The Basics of Making an Offer
A written proposal is the foundation of a real estate transaction. Oral promises are not legally enforceable when it comes to the sale of real estate. Therefore, you need to enter into a written contract, which starts with your written proposal. This proposal not only specifies price, but also all the terms and conditions of the purchase. For example, if the seller offered to help with $2,000 toward your closing costs, make sure that's included in your written offer and in the final completed contract, or you won't have grounds for collecting it later.
REALTORS have access to standard purchase agreements, and I will help you put together a written, legally binding offer that reflects the price as well as terms and conditions that are right for you. I will guide you through the offer, counteroffer, negotiating and closing processes. In North Carolina certain disclosure laws must be complied with by the seller, and I will ensure that this takes place.
If you are not working with a real estate agent, keep in mind that you must draw up a purchase offer or contract that conforms to state and local laws and that incorporates all of the key items. State laws vary, and certain provisions may be required in your area.
After the offer is drawn up and signed, it is usually presented to the seller by the seller's real estate agent.
What is in an Offer?
The purchase offer you submit, if accepted as it stands, will become a binding sales contract. So it's important that the purchase offer contains all the items that will serve as a "blueprint for the final sale." The purchase offer includes items such as:
- address and the legal description of the property
- personal property that conveys with the sale, or, afixed property that does not convey
- sale price
- terms: for example, all cash or subject to you obtaining a mortgage for a given amount
- seller's promise to provide clear title (ownership)
- target date for closing (the actual sale)

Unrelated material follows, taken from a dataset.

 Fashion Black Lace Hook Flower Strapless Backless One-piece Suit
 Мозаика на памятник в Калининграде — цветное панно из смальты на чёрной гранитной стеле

- length of due diligence period and amount of due diligence fee
- amount of earnest money deposit, typically presented to listing firm at close of due diligence period.
- method by which real estate taxes, rents, fuel, water bills and utilities payments are to be adjusted (prorated) between buyer and seller
- provisions about who will pay for title insurance, survey, termite inspections, etc.
- type of deed to be given a time limit (preferably short) after which the offer will expire
- contingencies, which are an extremely important matter and that are discussed in detail below
Under the NC Offer to Purchase and Contract, a buyer has a negotiated period of time to conduct their due diligence. During this time period, a buyer must do their due diligence on the property and decide whether to move forward. This includes inspections and agreement on repairs, loan application and approval, appraisal, title search, surveys, and any questions or research necessary regarding insurability, HOA issues and zoning issues.
You're in a strong bargaining position, that is, you look particularly welcome to a seller, if:
- you're an all-cash buyer
- you're already have a preapproved mortgage and you don't have a present house that has to be sold before you can afford to buy
- you're able to close and take possession at a time that is especially convenient for the seller
In these circumstances, you may be able to negotiate a greater discount from the listed price.
On the other hand, in a "hot" seller's market, if the perfect house comes on the market, you may want to offer the list price (or more) to beat out other offers.
It's very helpful to find out why the house is being sold and whether the seller is under pressure. For instance, keep the following considerations in mind:
- every month a vacant house remains unsold represents considerable extra expense for the seller
- if the sellers are divorcing, they may want to sell quickly
- estate sales often yield a bargain in return for a prompt deal
Due Diligence Fee & Earnest Money
The due diligence fee is a negotiated amount that is given to the seller at the time of offer. If you move forward with the purchase at the end of the due diligence period, this fee gets credited toward the purchase price. If you do not move forward, the seller keeps the due diligence fee as compensation for the due diligence period. Earnest money is a deposit most often made at the close of the due diligence period, to show your earnestness and financial capability to complete the transaction.The listing firm or an attorney usually holds the deposit, the amount of which varies from community to community, but is most often 1% to 3% of the contract price. This will become part of your down payment and is credited to you at closing.
Buyers: the Seller's Response to Your Offer
You will have a binding contract if the seller, upon receiving your written offer, signs an acceptance just as it stands, unconditionally. The offer becomes a firm contract as soon as you are notified of acceptance. If the offer is rejected, that's that - the sellers could not later change their minds and hold you to it.
If the seller likes everything except the sale price, or the proposed closing date, or the basement pool table you want left with the property, you may receive a written counteroffer including the changes the seller prefers. You are then free to accept it, reject it or make your own counteroffer. For example, "We accept the counteroffer with the higher price, except that we still insist on having the pool table."
Each time either party makes any change in the terms, the other side is free to accept, reject or counter again. The document becomes a binding contract only when one party finally signs an unconditional acceptance of the other side's proposal.
Buyers: Withdrawing an Offer
Can you withdraw an offer? In most cases the answer is yes, right up until the moment it is accepted, or even in some cases, if you haven't yet been notified of acceptance.